We end where we began: I have no idea. The Islanders were the demonstrably better team most of the year, but they are not that team right now. Both have potent scorers, decent goaltending, reliable secondary scoring, and good coaches. But the Isles might be without Travis Hamonic, who gave them the kind of blue line corps that can take a team deep into the playoffs.

But even with him, they were disjointed. Washington, on the other hand, has looked good. Or they did until last night’s game 1, in which they looked old and slow (and that’s from their own coach). I like the Islanders as a team, but I like the Capitals’ coaching staff and system. I would like to see New York vs. New York in the second round, but I’d also like to see Ovie vs. King Henrik.

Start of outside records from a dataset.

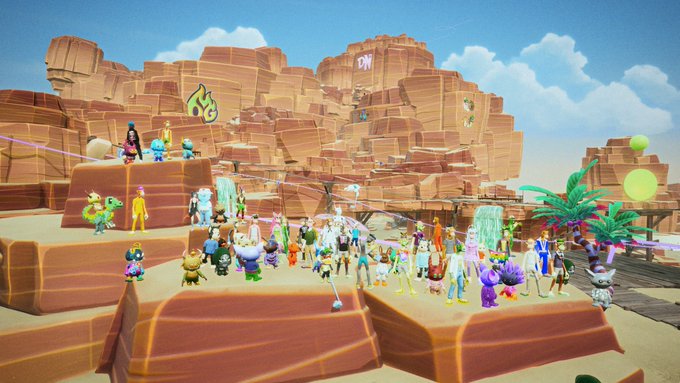 Another view of the virtual game shows a large group of diverse cartoon avatars gathered in a rocky, canyon-like desert environment with palm trees and green orbs.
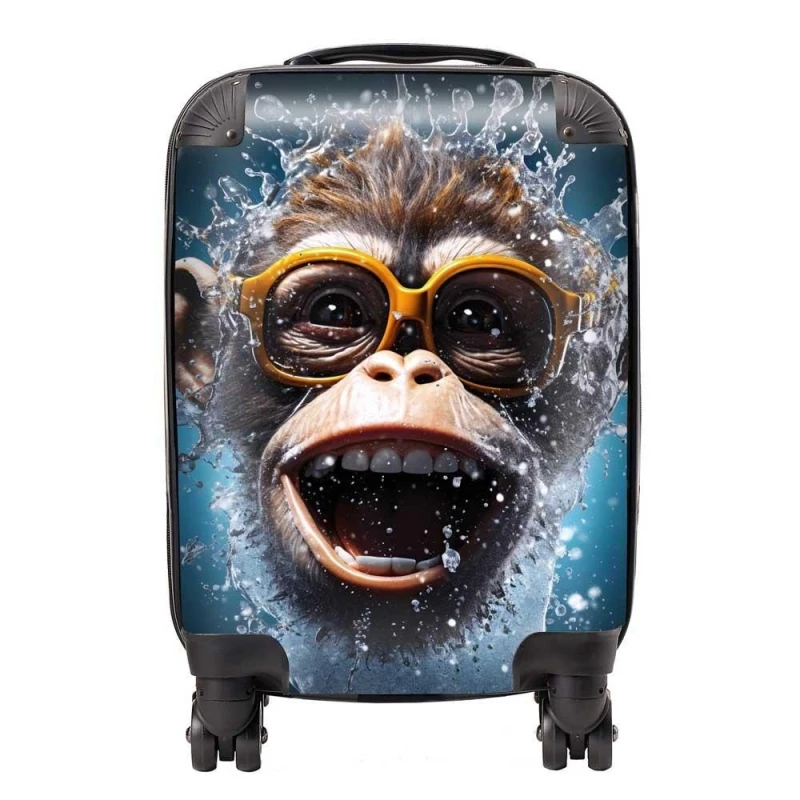 Image of Warren Reed - Designer Splashart Cheeky Chimp Face With Glasses Suitcase in Blue Size: Medium Blue Unisex Medium
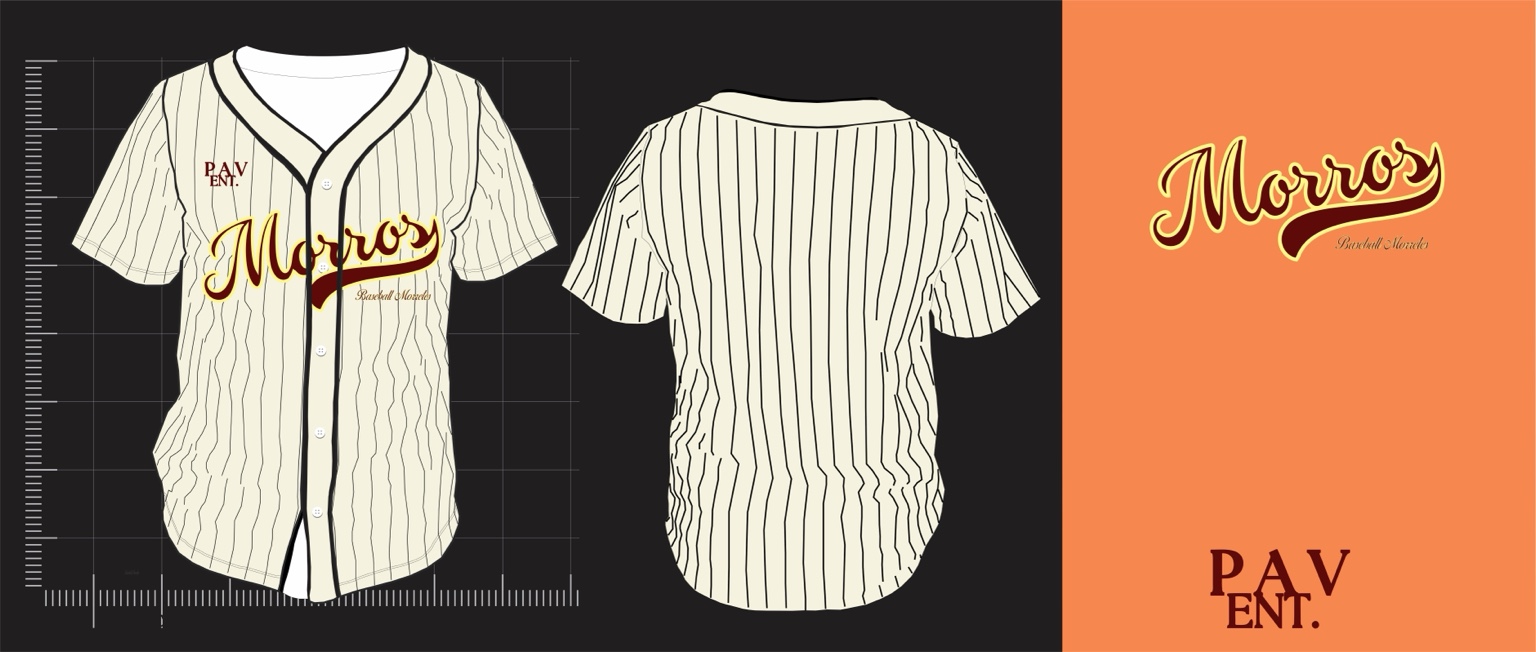 Morros — camisa de beisebol listrada, vista de frente e costas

There you go. Eight capsules that you should totally not use if you wager money in Vegas. The second half of game 1s are tonight, and one can hope they continue with the drama displayed last night.


The entity known as -J. would be at home in a place like Carcosa or Night Vale, but instead lives near a far more dreary place -- Wrigley Field. He is the patron Addisonian of whisk(e)y and tabletop games, and is often adorned with a waistcoat & his ridiculous mustache.